## PROBLEM TO SOLVE
The result is the exact lines from the one containing "Lobster seafood Porridge 13nett?" through the final line of the entries; leave out the pictures.

## INPUT MATERIAL
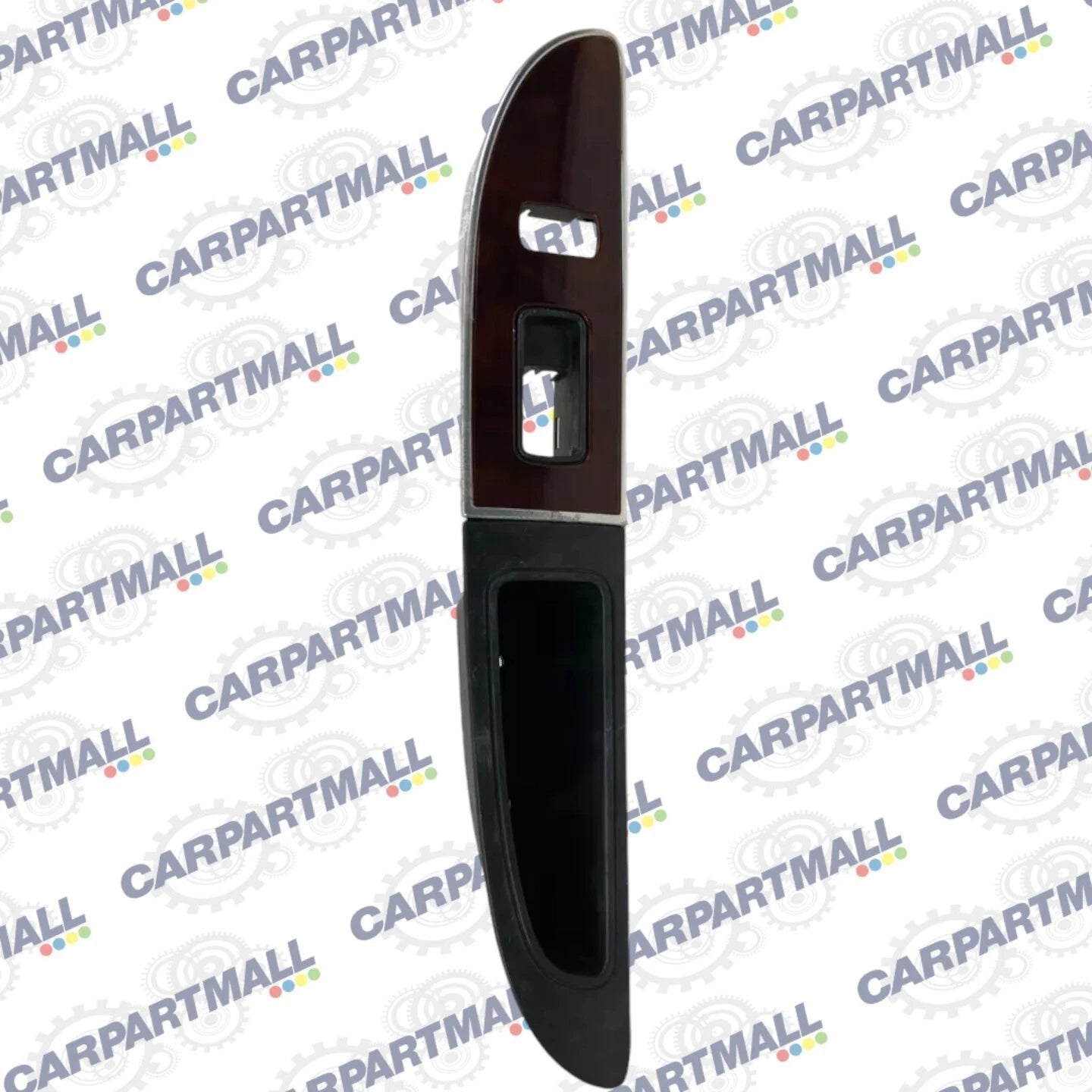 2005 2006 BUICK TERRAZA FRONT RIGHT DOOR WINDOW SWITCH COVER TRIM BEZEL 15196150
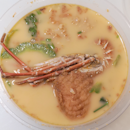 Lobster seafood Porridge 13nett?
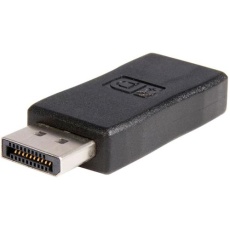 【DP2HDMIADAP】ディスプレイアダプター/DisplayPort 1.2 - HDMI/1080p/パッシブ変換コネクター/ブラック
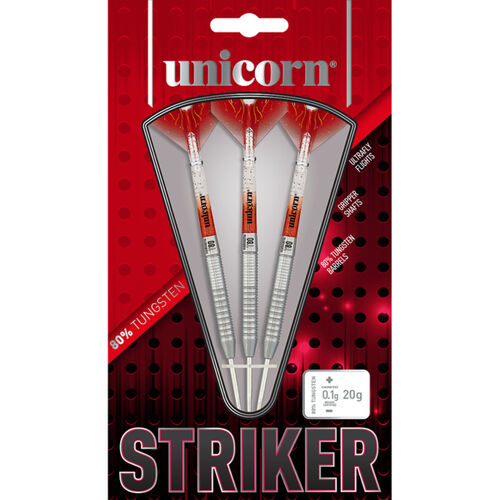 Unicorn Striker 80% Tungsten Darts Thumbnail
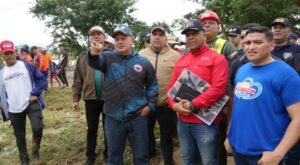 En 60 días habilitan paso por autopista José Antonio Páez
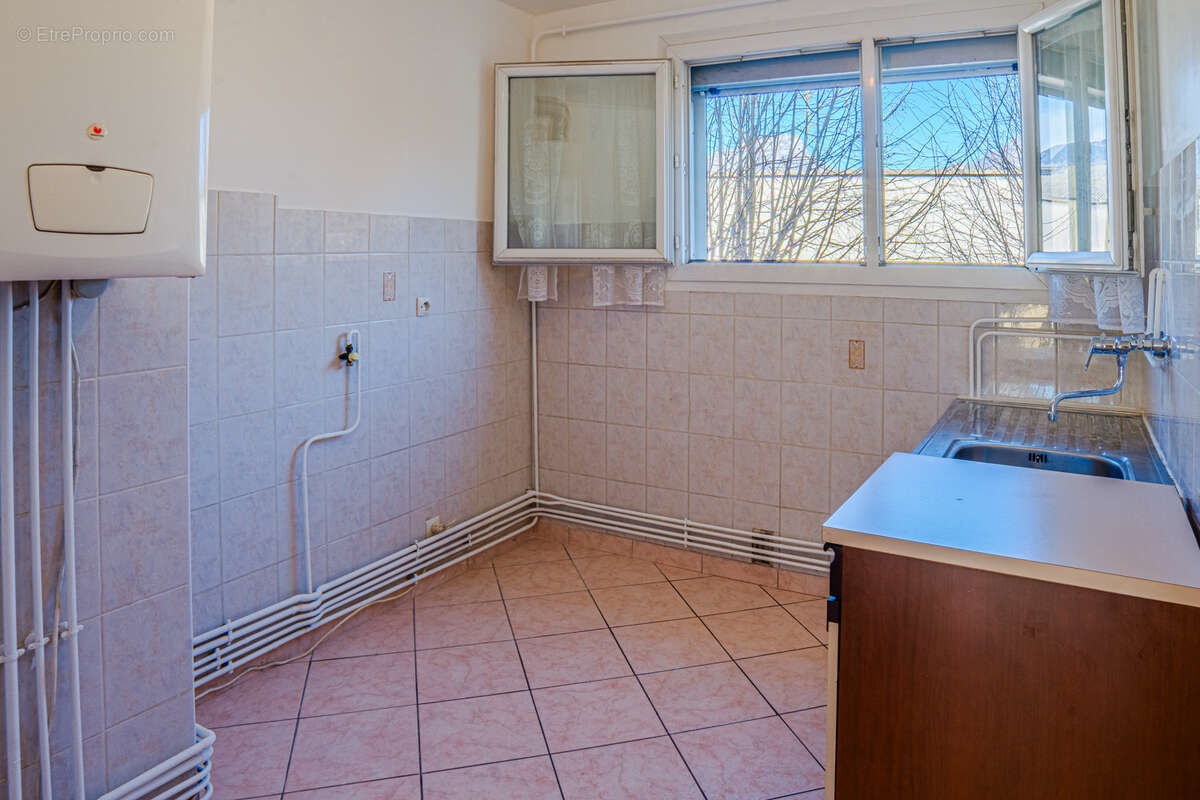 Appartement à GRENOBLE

## SOLUTION TO THE PROBLEM
 Lobster seafood Porridge 13nett?
 【DP2HDMIADAP】ディスプレイアダプター/DisplayPort 1.2 - HDMI/1080p/パッシブ変換コネクター/ブラック
 Unicorn Striker 80% Tungsten Darts Thumbnail
 En 60 días habilitan paso por autopista José Antonio Páez
 Appartement à GRENOBLE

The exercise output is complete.